Peut-être parce qu'il se rappelait que Shi Yuezhu était le Maître de Su Jinyu, Shen Qingshan, après l'avoir vue accompagner Shen Han, ne dit rien d'autre pour lui compliquer la tâche.
Il restait pourtant une pointe de ressentiment dans son regard.
Après avoir pris congé des aînés de la famille Shen, Shen Han ne regagna pas immédiatement la pièce où il logeait.
Il se dirigea plutôt vers le manoir du préfet, dans la cité de Yun'an.
Un homme doit savoir rendre le bien qu'on lui a fait.
Shen Han se souvenait de la bonté que le préfet Xu lui avait témoignée ; à son retour, il n'était donc que naturel qu'il lui rendît visite.
Dans le jardin de derrière du manoir du préfet.
Shen Han attendit un court moment avant que le préfet Xu ne rentrât.
« J'avais quelques affaires à régler à la préfecture. Tu as attendu longtemps, n'est-ce pas, mon enfant ? »
En entendant la voix du préfet Xu, Shen Han se leva prestement pour le saluer.
« C'est simplement que je suis arrivé un peu tôt. Le préfet Xu gouverne avec zèle pour le peuple, il est donc naturel qu'il ait beaucoup à faire. »
C'était bien dit.
Tout en parlant, Shen Han sortit plusieurs flacons de pilules.

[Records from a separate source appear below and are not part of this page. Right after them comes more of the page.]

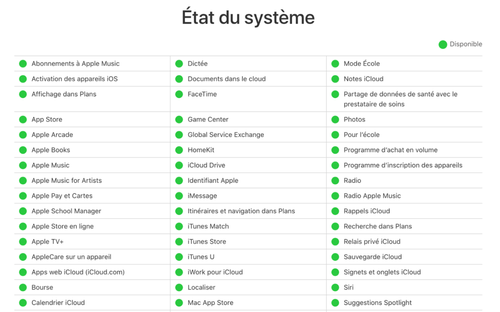 Etat des services apple (https://www.apple.com/fr/support/systemstatus/)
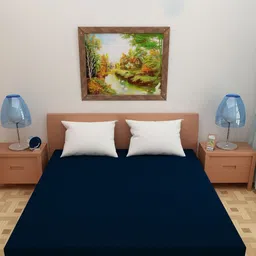 Jinaya's Navy Blue Solid Terry King Size Waterproof Mattress Protector-picture-21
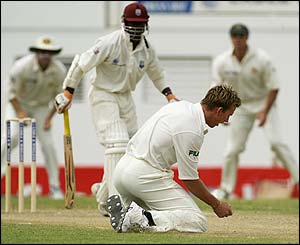 Australia's Brett Lee drops a return catch from West Indies opener Devon Smith 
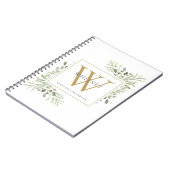 Cahier de nom monogramme de verdure moderne en or (Côté gauche)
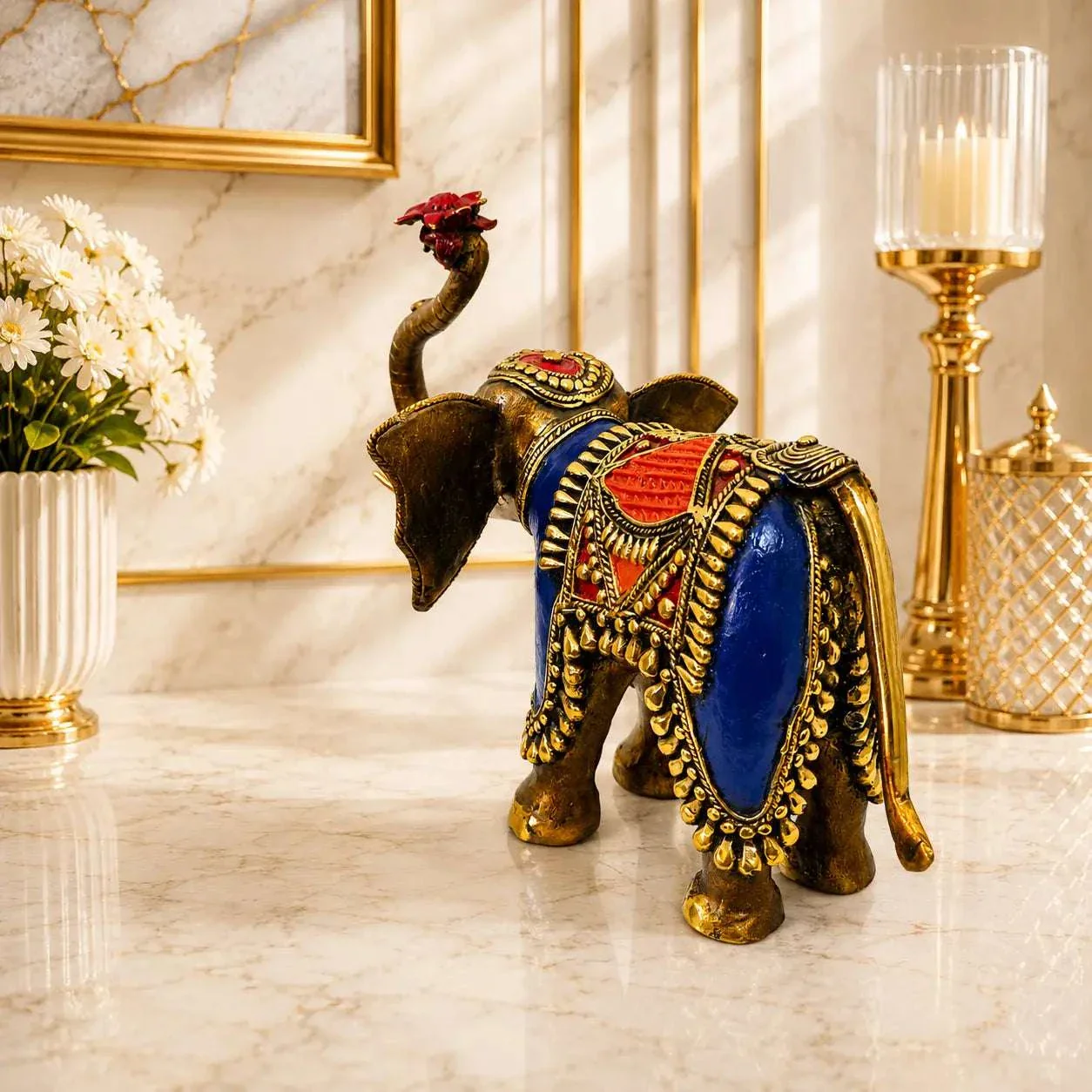 Brass Handcrafted Dhokra Elephant Statue (8.5 inch) - Image 5
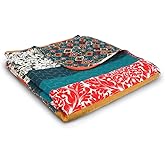 Lush Decor Boho Stripe Reversible Cotton Throw Blanket, 50" W x 60" L, Turquoise & Tangerine - Striped Throw Blankets for Bed - Couch Blanket - Boho Throw Blanket for Couch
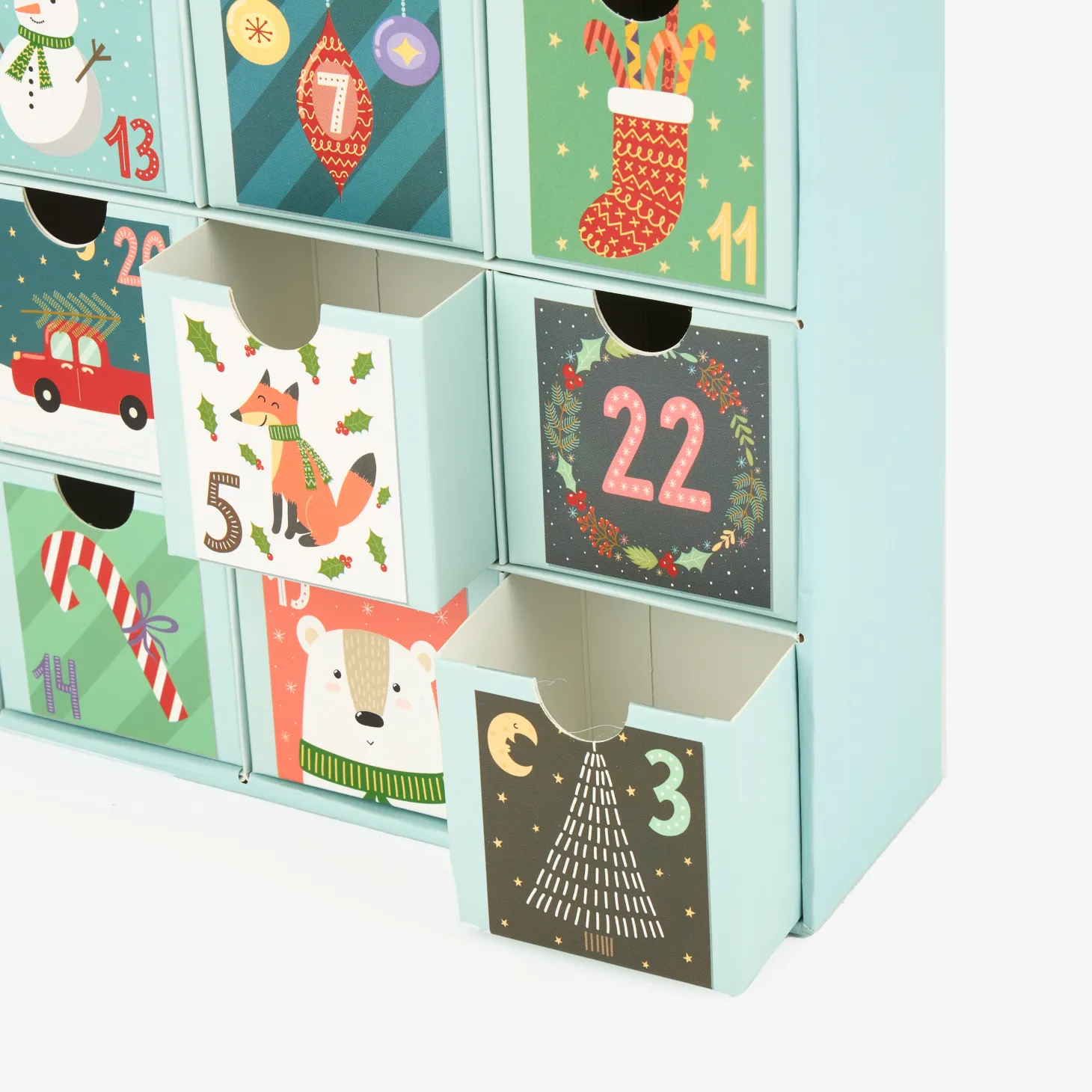 Calendario de adviento de cartón Dibujos Navideños 38cm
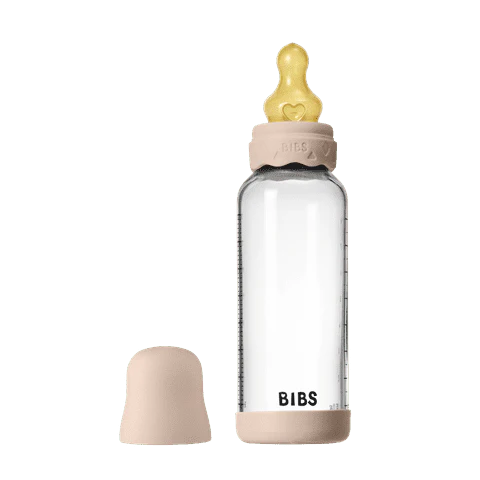 BIBS Glass Baby Bottle Round Latex Medium Flow 240ml (Boheme Blush)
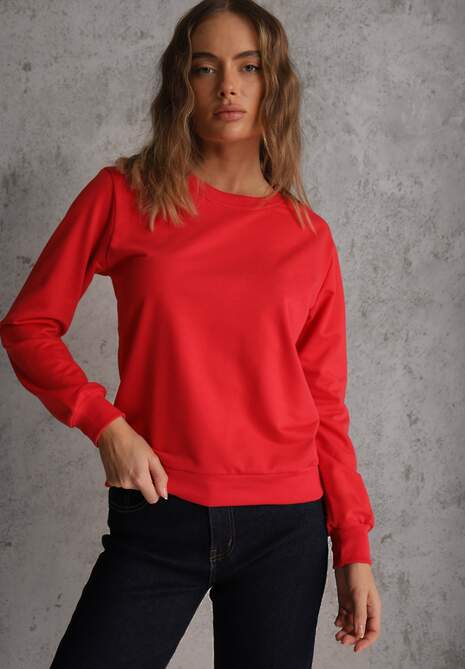 Czerwona Casualowa Bluza z Bawełną Akko 4
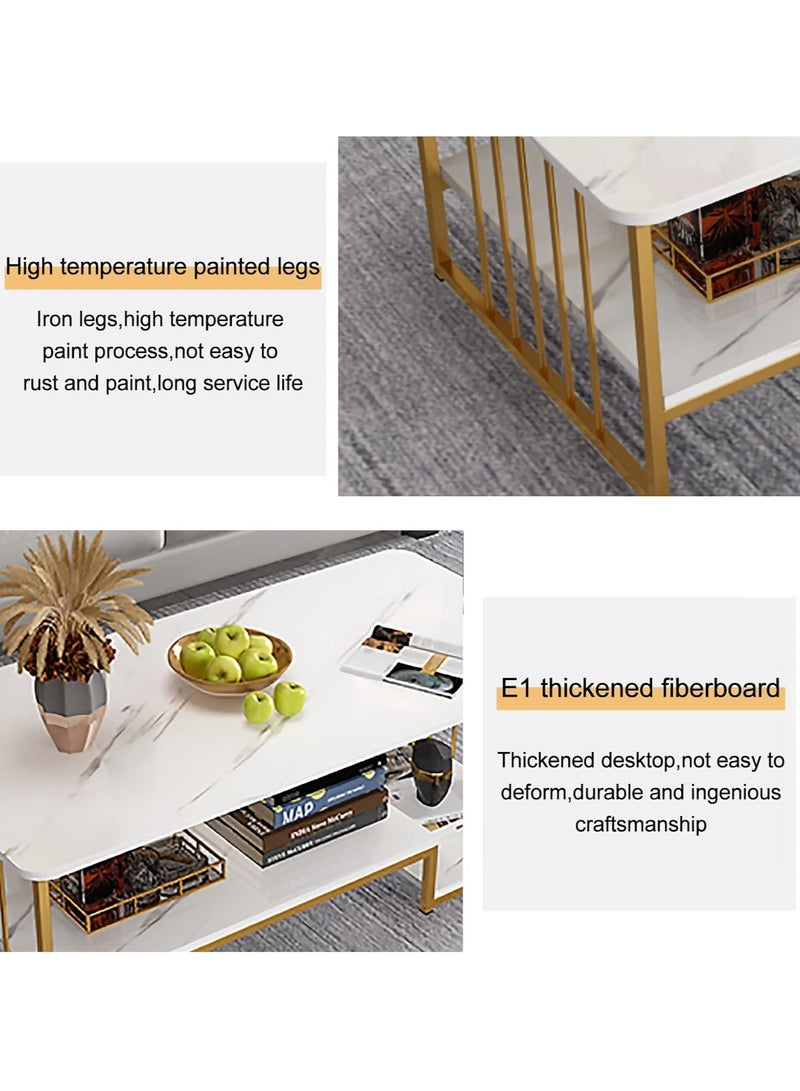 طاولة قهوة، طاولة غرفة معيشة فيلا شقة 120x60x42 سم سطح طاولة كبير طاولة جانبية سميكة طاولة طعام خشبية بنمط رخامي - Image 4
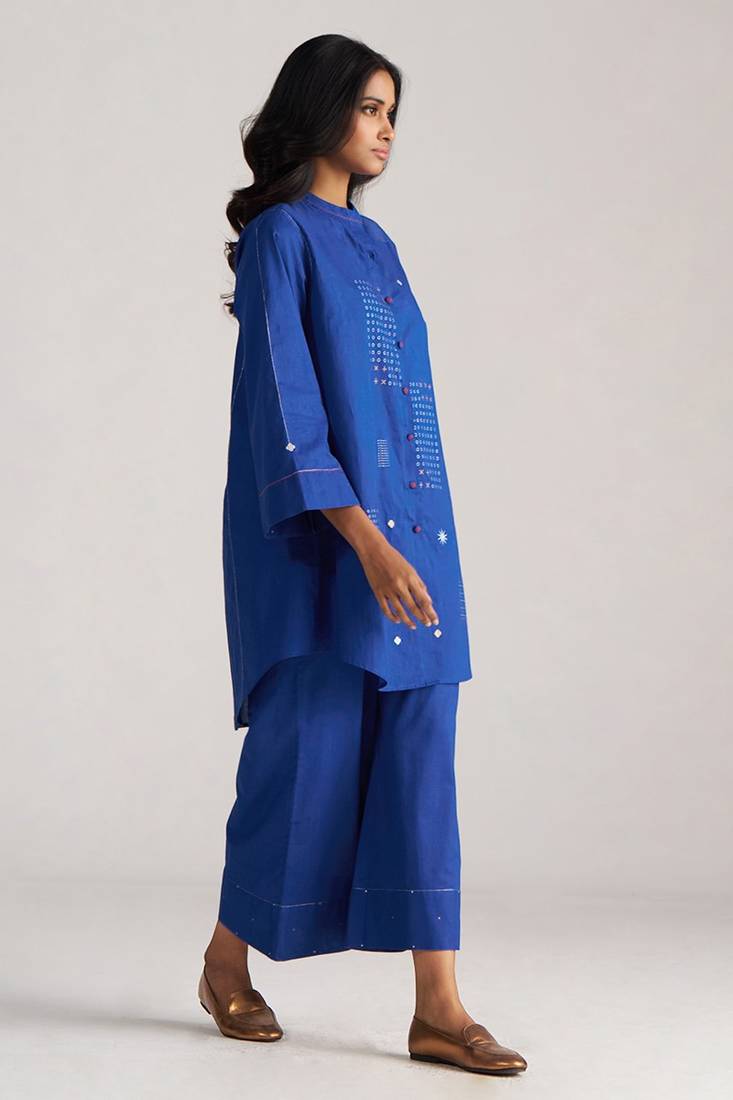 blue cotton co-ord set with simple design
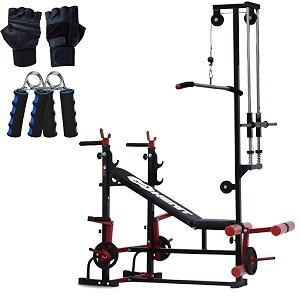 20-in-1 adjustable gym bench press machine for home with j-hook lat pulldown leg curl amp extension hand gripper and gloves  complete home gym bench set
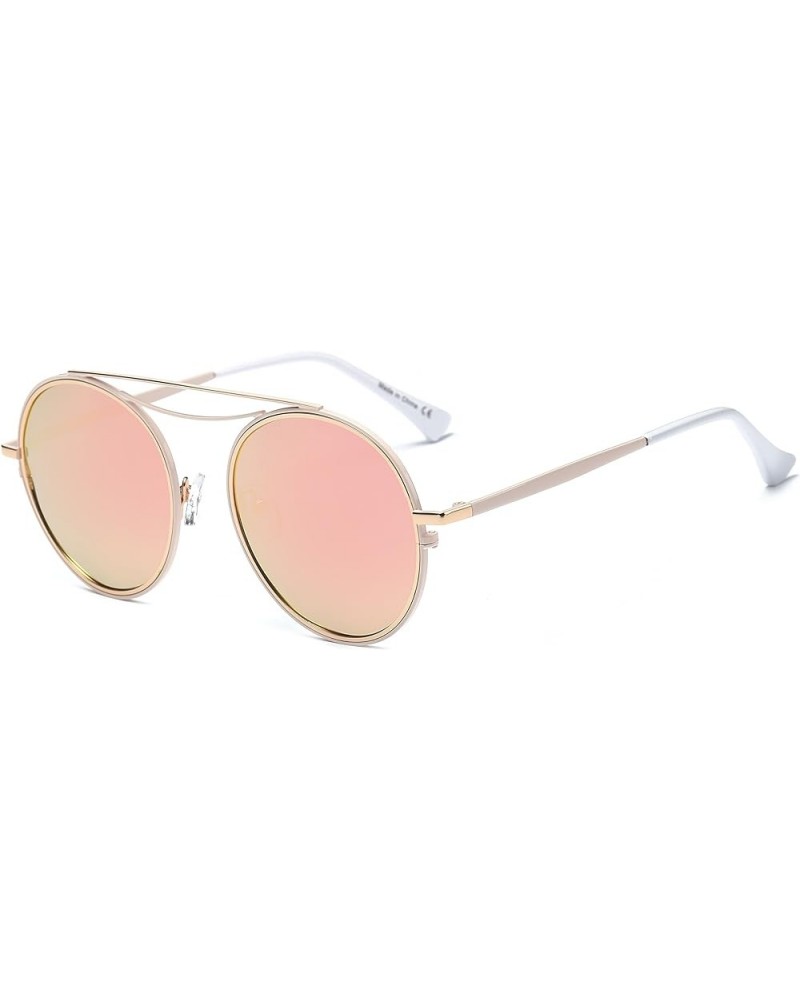 Fashion Designer Mirrored Polarized Round Sunglasses Fashion Eyewear Gold/Rose $19.24 Round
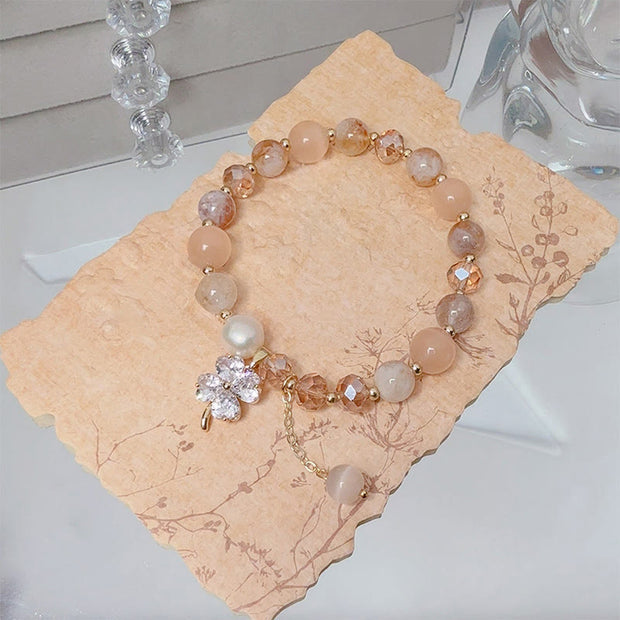 Buddha Stones Four Leaf Clover Charm Amethyst Citrine White Cat's Eye Liuli Beaded Balance Bracelet - image 9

« Ces pilules sont des pilules de haut grade raffinées par la famille Yun de mon grand-père maternel. J'espère que le préfet Xu ne les dédaignera pas. Sans la protection du préfet Xu, il aurait été bien difficile à ce cadet de sortir proprement de ces fiançailles. »
À ces mots, le préfet Xu agita légèrement la main.
« Tu es un enfant avisé ; tu dois savoir que si je t'ai aidé, c'était seulement pour seconder la Famille Impériale dans ce stratagème. Je n'ai vraiment pas le front d'accepter ces pilules. »
« Préfet Xu, vous êtes trop modeste. Vous avez accepté d'aider ce cadet et, quels qu'en fussent le motif ou la raison, m'aider fait de vous mon bienfaiteur. Ceux qui m'ont nui deviendraient-ils mes bienfaiteurs pour avoir trouvé une raison inexplicable ? »
Shen Han avait les idées très claires sur ce point : du moment que quelqu'un lui avait nui, même si sa raison était de sauver le monde, il restait son ennemi.
Le préfet Xu fronça légèrement les sourcils, trouvant que les paroles de Shen Han étaient effectivement fondées.
« À la Grande Assemblée des Mille Automnes, j'ai entendu dire que tu avais atteint les quatre-vingts paliers. »
« Ce cadet a simplement eu un peu de chance... »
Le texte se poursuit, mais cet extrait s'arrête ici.